“O diagnóstico de uma existência humana — de um homem, de um povo, de uma época — deve começar identificando o sistema de suas convicções e crenças.” José Ortega y Gasset
Ortega y Gasset indica que para analisar civilizações antigas é necessário compreender suas crenças e convicções, esses fatores são definidores de como um povo vive. Na modernidade houve uma substituição do sistema de crenças, da referência de autoridade e a perspectiva do saber, tudo isto deu origem ao processo de secularização.
É possível ter um panorama de como era a vida, o pensamento e a organização do homem medieval, imbuído de valores religiosos.
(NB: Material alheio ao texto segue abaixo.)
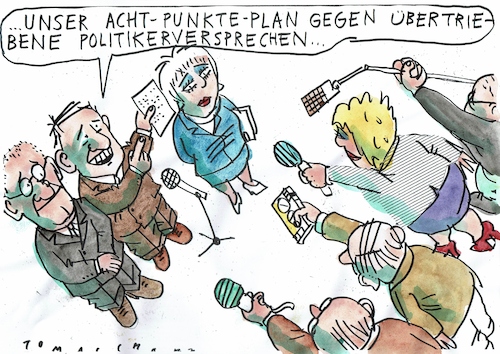 Cartoon: Versprechen (medium) by Jan Tomaschoff tagged politiker,versprechen,wahlkampf,politiker,versprechen,wahlkampf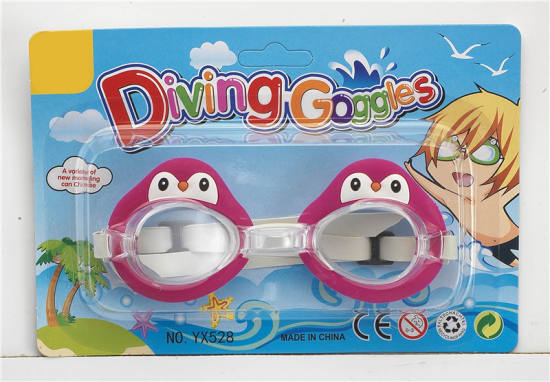 卡通红企鹅泳镜（中英文吸版）PS镜片、橡胶带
Mas e quanto ao homem moderno? Quais são as suas crenças?
As novas crenças do homem moderno ocidental tinham como base a formação de uma nova realidade, e nessa nova realidade teriam de ser estabelecidas novas organizações, e essas, por sua vez, não seriam mais formadas pela instituição da Igreja. Outra instituição humana tomará o seu lugar.
O termo “secularização” é o processo gradual de abandono dos preceitos culturais, sociais, morais e políticos que se apoiam na religiosidade. A secularização envolve o surgimento de um novo modo de vida que não mais está estruturado em torno de uma visão firmada em hábitos ligados à religião.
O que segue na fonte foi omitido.